▶ [Directions]
Only the lines below between the ones containing "GIVENCHYトレンドの最先端に特に注目したいスーパー コピー 通販セーター_0_2" and "Nước hoa Yves", inclusive, are to be reproduced, each exactly as it stands.

▶ [Data to use]
= = = = = = =

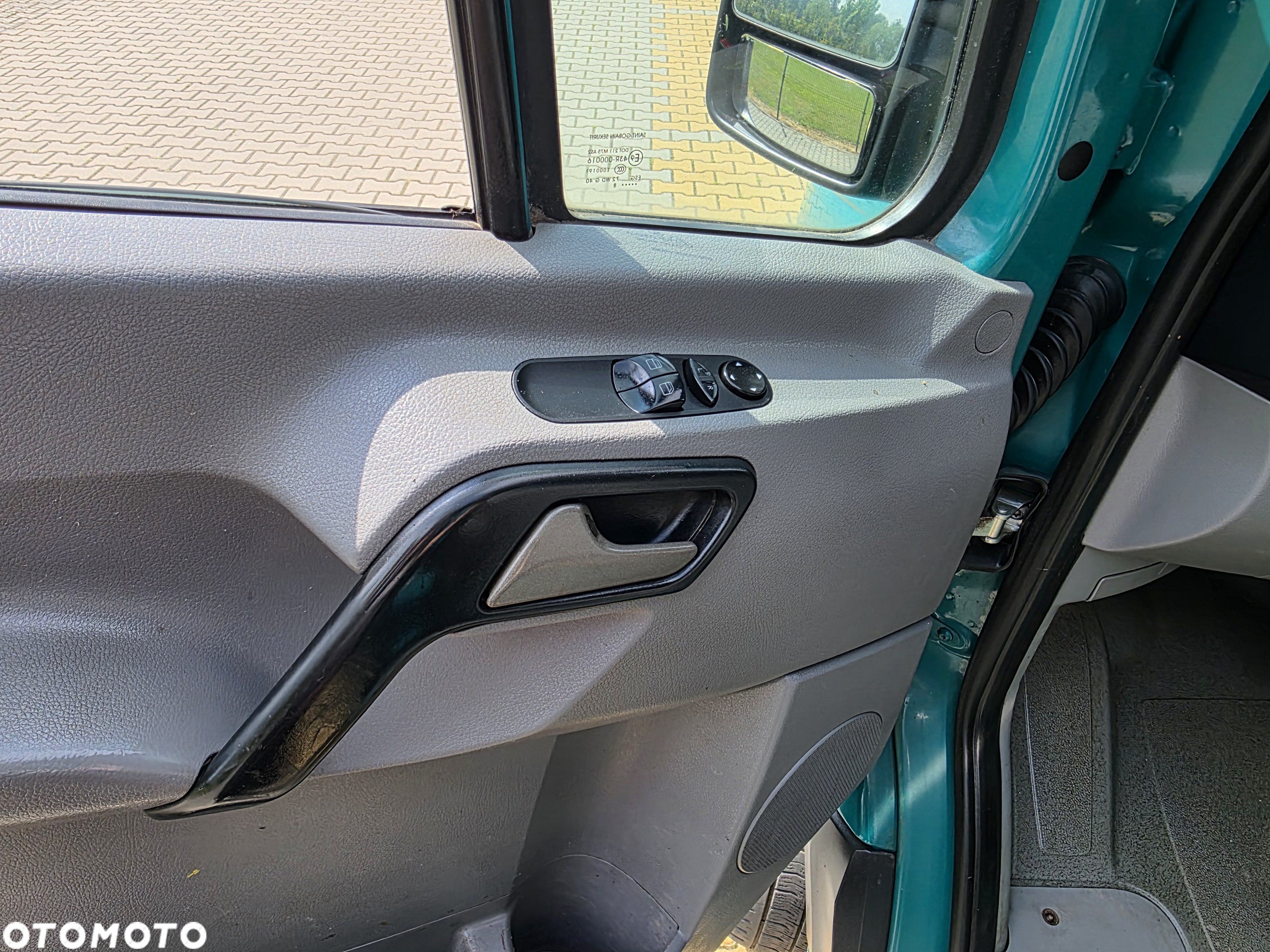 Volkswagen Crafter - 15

= = = = = = =

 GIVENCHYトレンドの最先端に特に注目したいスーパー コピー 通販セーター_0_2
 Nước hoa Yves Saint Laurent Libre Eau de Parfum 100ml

= = = = = = =

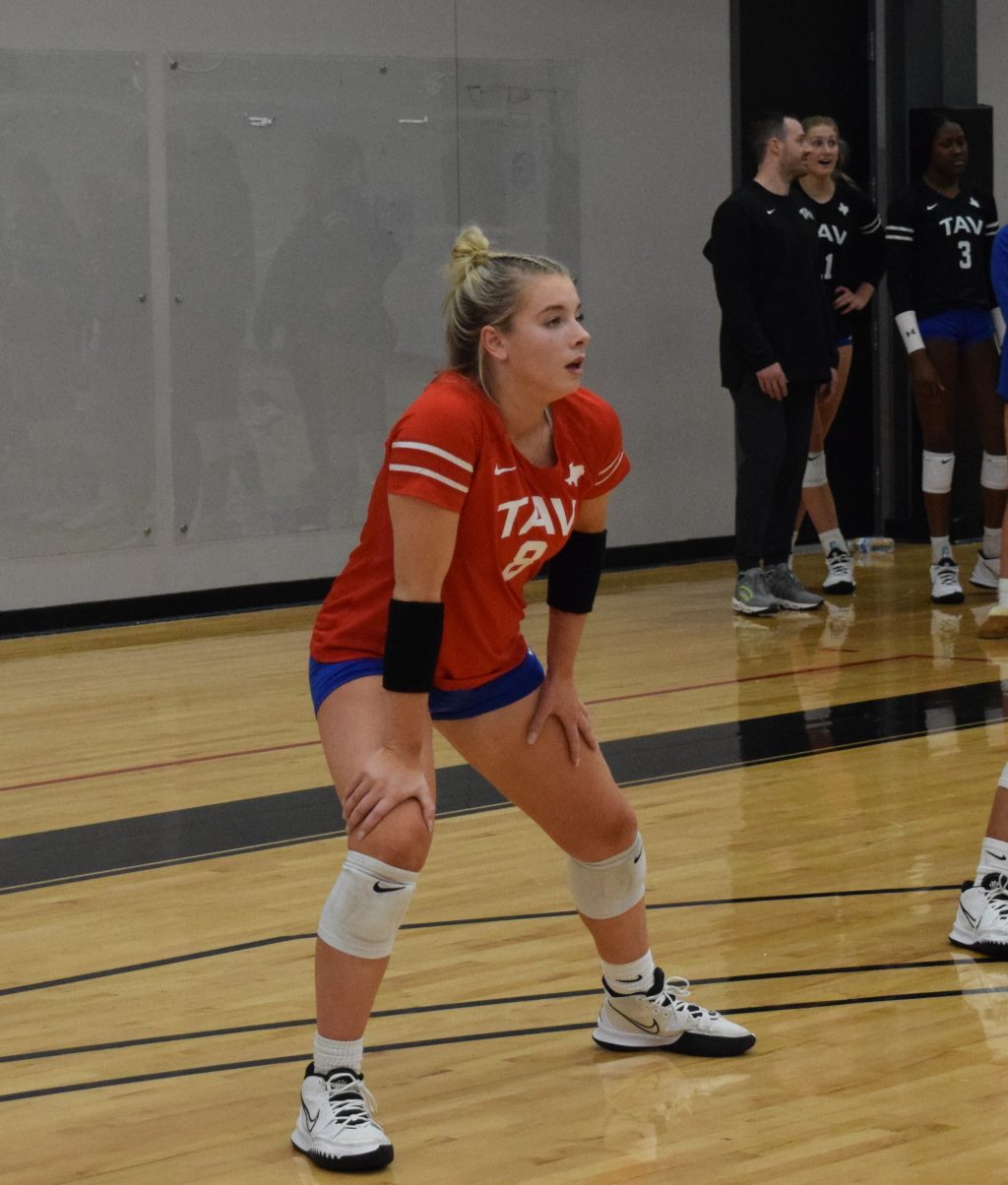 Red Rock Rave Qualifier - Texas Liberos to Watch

= = = = = = =

▶ [Response to the task]
 GIVENCHYトレンドの最先端に特に注目したいスーパー コピー 通販セーター_0_2
 Nước hoa Yves Saint Laurent Libre Eau de Parfum 100ml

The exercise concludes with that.